### [WHAT THE TASK ASKS]
Print the lines from the one containing "Rubens and Isabella" through the end of the material below, both included, exactly as they appear and without pictures.

### [DATA]

——

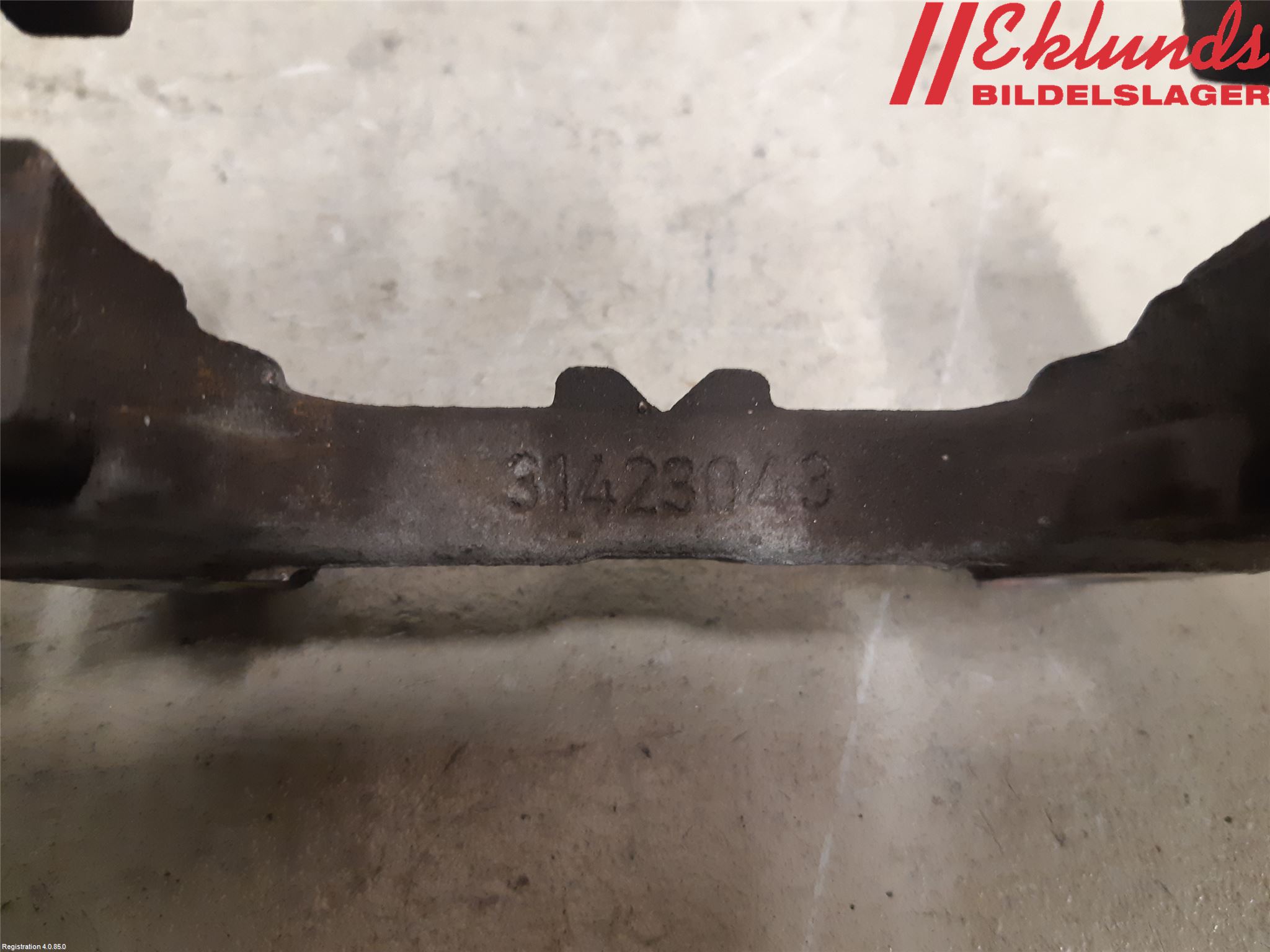 Volvo V60 19- Bromsokshållare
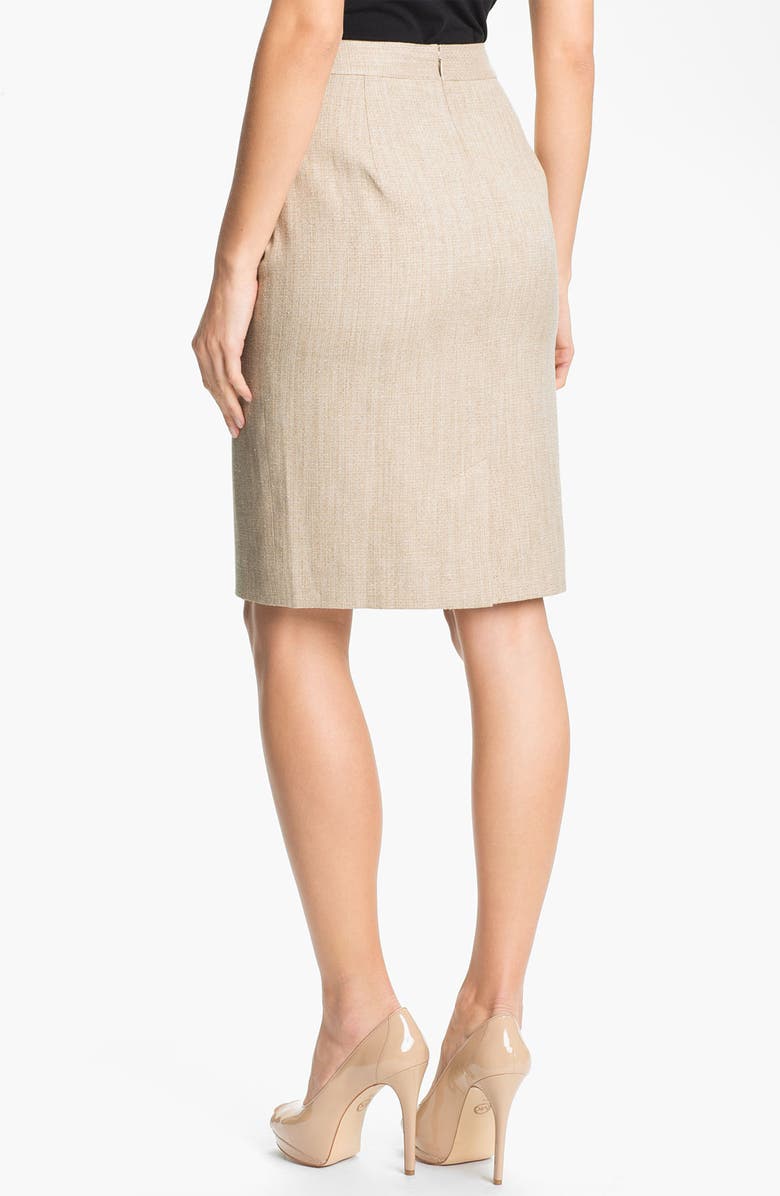 Classiques Entier<sup>®</sup> Classiques Entier 'Sabin Tweed' Skirt, Alternate, color, 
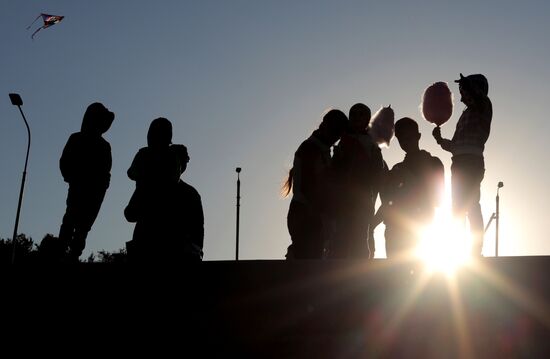 Russia World Cup Preparations Volgograd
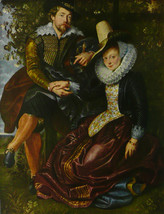 Rubens and Isabella Brant - Rubens - Framed Picture 11&quot;x14&quot; - £25.56 GBP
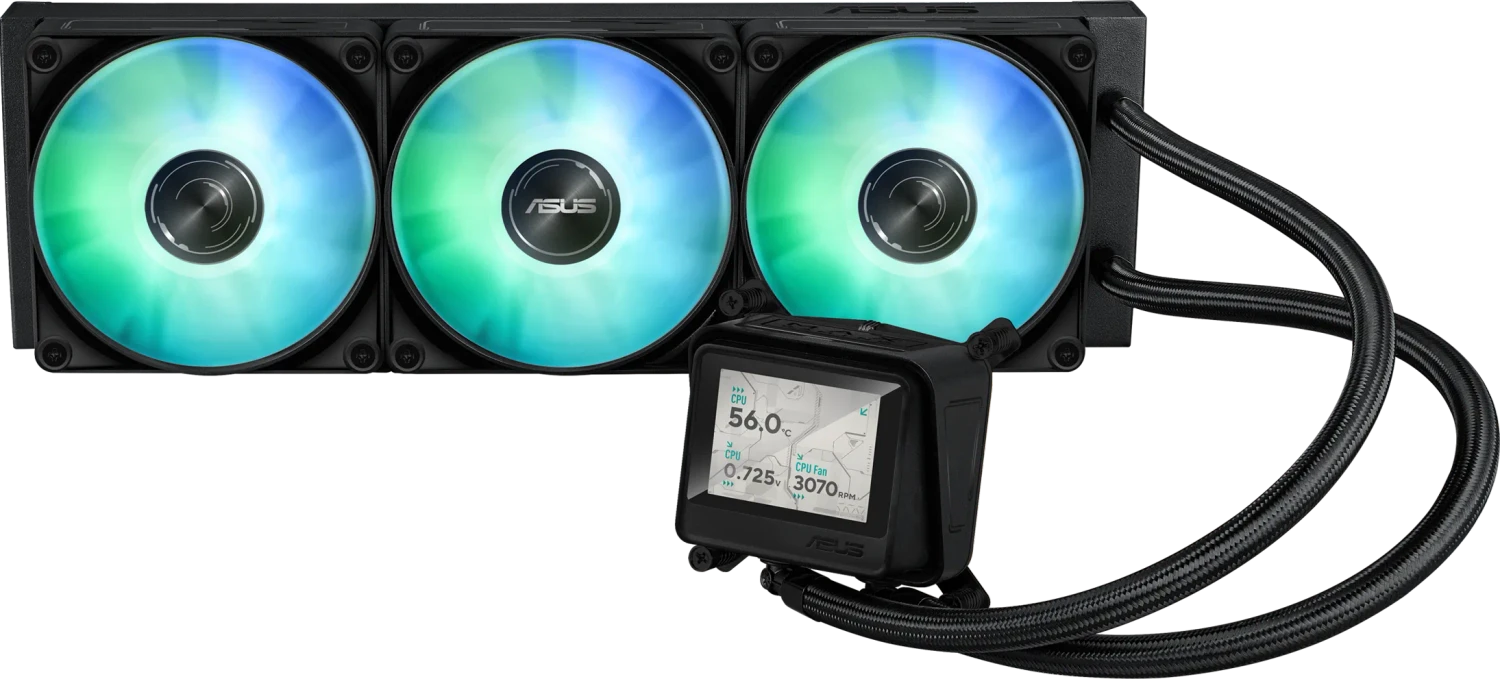 ASUS MAX Gaming LC 360 ARGB LCD (90RC01G1-B0EAY0)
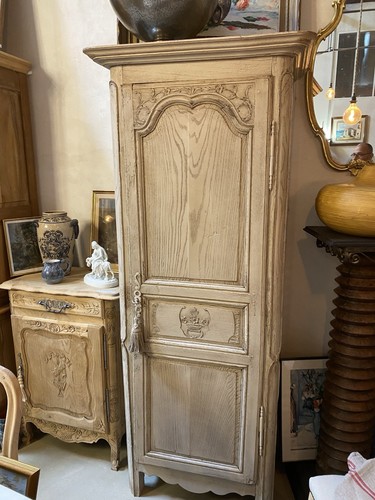 Bonnetière armoire chêne - armoire,
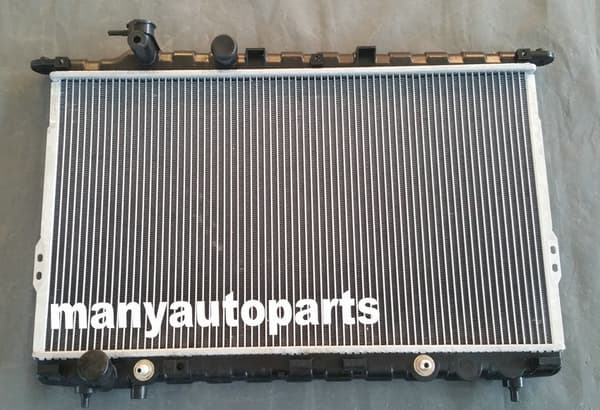 Radiator för Hyundai Sonata och Kia Optima, tungt aluminium, förbättrad kylkapacitet, TIG-svetsad konstruktion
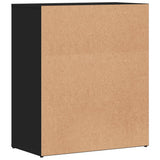 Sideboards 2 pcs Black 60x31x70 cm Engineered Wood 3276540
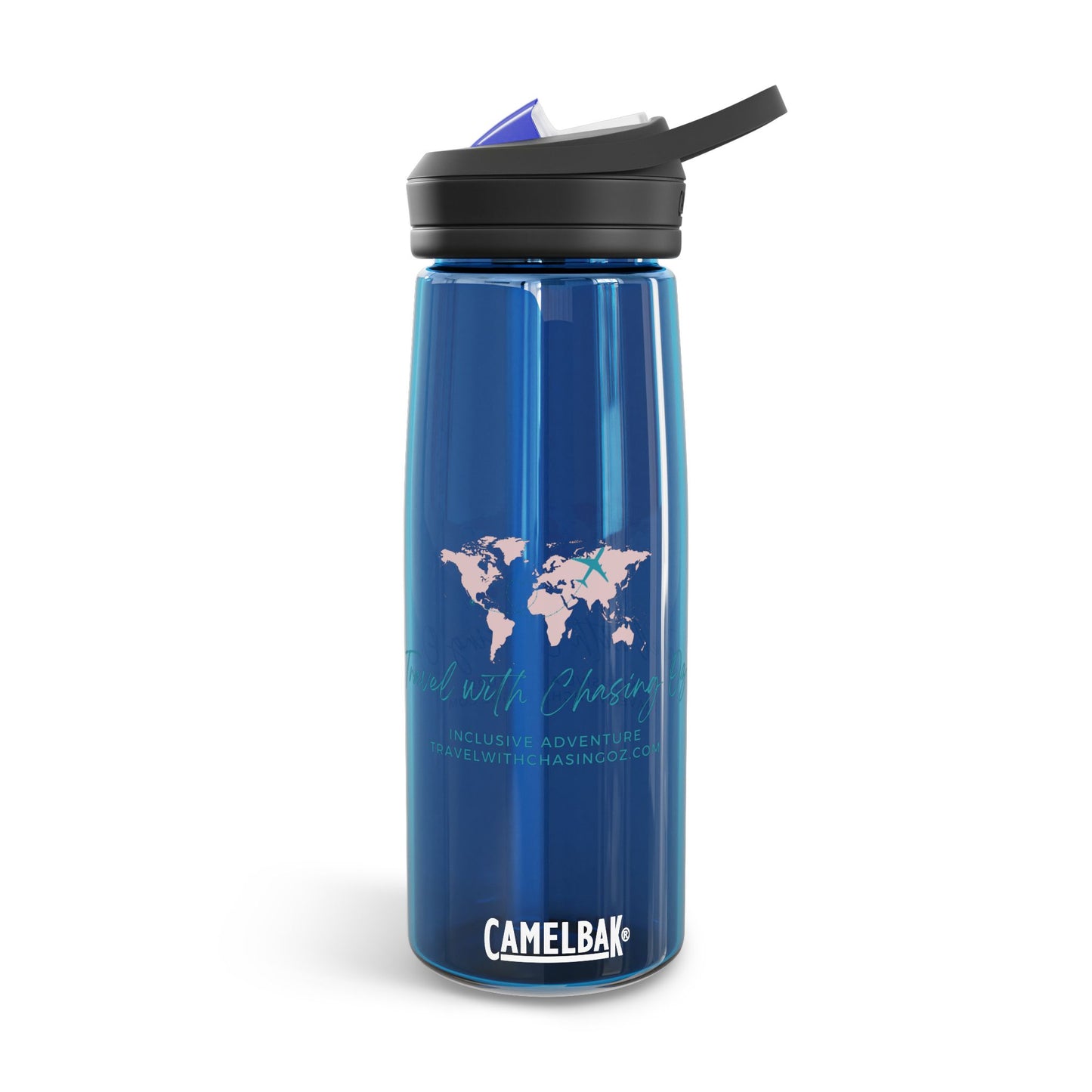 Travel with Chasing Oz - CamelBak Water Bottle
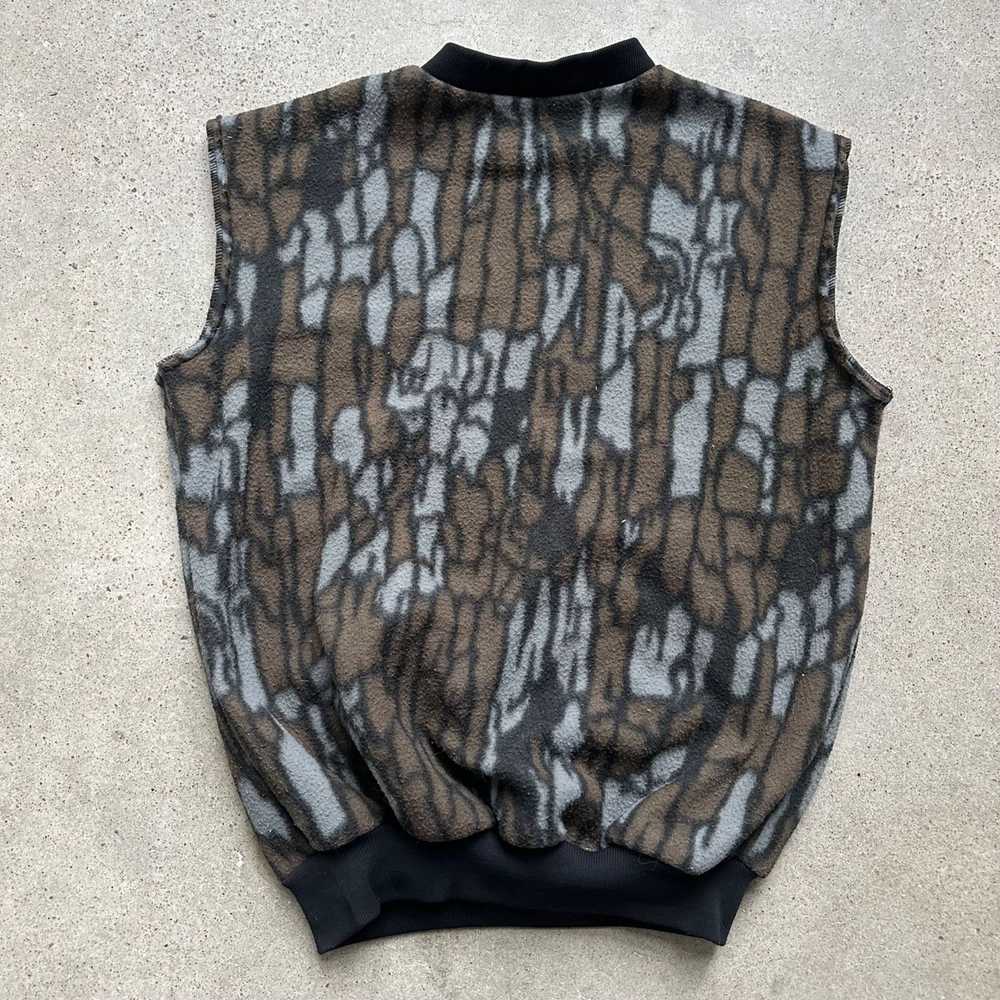 Camo × Vintage Vintage Homemade Trebark Camo Flee… - image 2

——

### [EXERCISE SOLUTION]
 Rubens and Isabella Brant - Rubens - Framed Picture 11&quot;x14&quot; - £25.56 GBP
 ASUS MAX Gaming LC 360 ARGB LCD (90RC01G1-B0EAY0)
 Bonnetière armoire chêne - armoire,
 Radiator för Hyundai Sonata och Kia Optima, tungt aluminium, förbättrad kylkapacitet, TIG-svetsad konstruktion
 Sideboards 2 pcs Black 60x31x70 cm Engineered Wood 3276540
 Travel with Chasing Oz - CamelBak Water Bottle
 Camo × Vintage Vintage Homemade Trebark Camo Flee… - image 2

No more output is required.